I have explored two areas of Madrid in the last few weeks to discover some of its history and literary highlights. The first walk was around the Barrio de las Letras (the District of letters), spotting plaques and street signs to some of the great Spanish writers. I like the way that many writers have been immortalised in the tiles outside pubs and bars. On my walk with Moira, which was supposed to be around 30 minutes and took nearer to six hours, we found some great stopping off places.

A favourite is Las Cueva de Sesamo which is an underground den of a bar with literary inscriptions on the walls to savour and translate. Beethoven above the omnipresent pianist, a bit of Proust above our heads and plenty more. We drank bottled beer and breathed in the tobacco fumes and were breathless bohemians! We left to find a queue snaking its way along Calle de Principe. This is clearly a hot spot on a Saturday night bar crawl.

From here we went to where the legendary bravas sauce was invented and I was able to explain why there are trick mirrors set into the wall of the restaurant.

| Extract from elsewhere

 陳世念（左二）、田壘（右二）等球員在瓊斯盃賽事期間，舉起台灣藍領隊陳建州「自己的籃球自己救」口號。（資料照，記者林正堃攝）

They commemorate a classic play by the writer Valle-Inclan (there is a plaque high on the wall of course). This area around Pasaje Matheu is a web of bars and cafes and there is much to detain the literati! If we had entered every bar that claimed to be a "home" for Hemingway we would have been both broke and legless.

There are signs of literary culture all around us in these streets - from murals to words on the pavements in Huertas to writers' street signs to memorial monuments. We discovered the house of Lope de Vega - who married three times and was ordained late in life and was a prolific playwright and poet, the home of Cervantes and his final resting place, the churches they frequented, the theatres they patronised. Now I need to find out more. This is just the beginning.